Uber (o Taxi) driver / 2

La sfida Taxi vs Uber e lo sciopero delle auto bianche di qualche tempo fa ci danno lo spunto per ragionare di disruptive innovation, concorrenza dinamica e, conseguentemente, di redistribuzione del valore. Così, da un lato brindiamo alla sharing economy e agli effetti pro-competitivi delle piattaforme, dall’altro ci interroghiamo sui rischi di un‘asimmetria regolatoria (licenze, fisco, sicurezza) a cui gli incumbent devono soggiacere, e che invece gli scaltri tassisti digitali riescono ad eludere, ribaltando parte dei vantaggi ottenuti sul prezzo della corsa.
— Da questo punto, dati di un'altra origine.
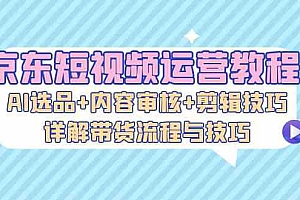 京东短视频运营教程:AI选品+内容审核+剪辑技巧,详解带货流程与技巧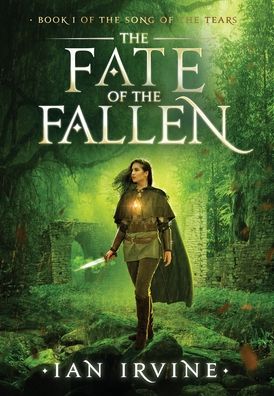 Cover for Ian Irvine · The Fate of the Fallen (Hardcover Book) (2020)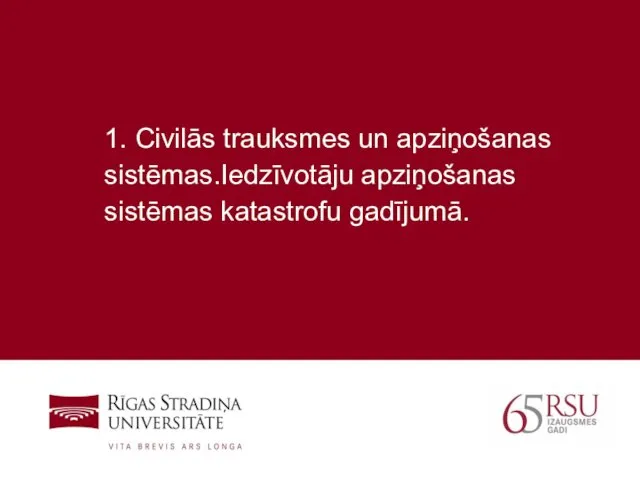 1. Civilās trauksmes un apziņošanas sistēmas.Iedzīvotāju apziņošanas sistēmas katastrofu gadījumā.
Salvo improbabili rigurgiti di protezionismo regolatorio, la domanda, nel lungo periodo (cioè man mano che gli utenti diventano sempre più digitali) si riverserà comprensibilmente su Uber o simili (già perché mentre noi parliamo, negli USA la concorrenza si gioca già tra piattaforme), spiazzando i profitti dei tassisti che, consci di ciò, scendono in piazza da Roma a Milano.

Oggi il problema è viceversa legato all’eventuale inerzia delle Autorità (sì insomma, se lo Stato rimanesse a guardare), in quanto ciò potrebbe implicitamente avallare lo sviluppo di un business model perverso che incoraggia gli attori a perseguire il vantaggio di costo non solo sulla base dell‘efficienza, ma anche facendo leva sull’elusione e/o evasione fiscale e regolatoria.

Ma cerchiamo di andare alla radice del problema, alla vera domanda: come arrivare ad un sano regime di concorrenza nel settore dei taxi?

Fino all’avvento di Uber, la concorrenza nel settore era a dire poco imperfetta. La regolamentazione, basata sulle barriere all’ingresso, ha costruito posizioni di rendita e determinato l‘imposizione di prezzi superiori ai costi marginali: bella camicia - il tassista che protesta in televisione - veste Ferragamo, e complimenti anche per l’orologio; intendiamoci, ha buon gusto, ma di sicuro il suo tassametro non è calibrato sul costo marginale.

Dunque per dirimere la partita tassisti contro Uber, occorrerebbe guardare alle barriere all’entrata, con particolare attenzione a quelle legali ed istituzionali. L’ingresso nei mercati può infatti essere oggetto di regolamentazione e l’arena competitiva si può restringere, certo, ma ogni restrizione deve essere a) giustificata dalla necessità di tutelare interessi pubblici, b) proporzionale e strettamente indispensabile per il raggiungimento di tali obiettivi.

Fuori da queste condizioni, una regolamentazione che drena l’ingresso nei mercati causa una ingiustificata restrizione al processo competitivo. Dunque, date certe regole valide per tutti (tassisti e piattaforme) su fisco, sicurezza o altri principi costituzionalmente rilevanti, se a Roma circolano N taxi o N+1, liberi di definire prezzi di mercato, francamente la lesione dell’interesse pubblico la si vede a fatica.

Ci sono parole che non vanno dette, nemmeno Harry Potter nominava Lord Voldemort tanto volentieri, ma forse a bassa voce, sussurrando, il settore in argomento si potrebbe liberalizzare… Dunque create le necessarie condizioni di parità in temini di regime fiscale e di normativa sulla sicurezza, se gli autisti digitali erodono la rendita dei tassisti, benvenuta sharing economy!

Ma vi è ancora un problema a monte, che Uber smarca con un click: la licenza. Cioè anche a fronte della stessa regolamentazione nel gioco, un tassista ha pagato anche per iniziare a giocare! Una corsa in taxi costa di più rispetto a Uber anche perché il tassista deve recuperare un dazio iniziale, ammortizzando (un po‘ su ogni corsa) il costo d’ingresso sopportato per comprare la licenza. Dunque liberalizzare sì, ma gradualmente, così da consentire l’ingresso degli innovatori, senza compromettere drasticamente la posizione degli incumbent. 

Come fare?

Come diceva Pierre del Fermat, "Dispongo di una meravigliosa dimostrazione di questo teorema, che non può essere contenuta nel margine troppo stretto della pagina".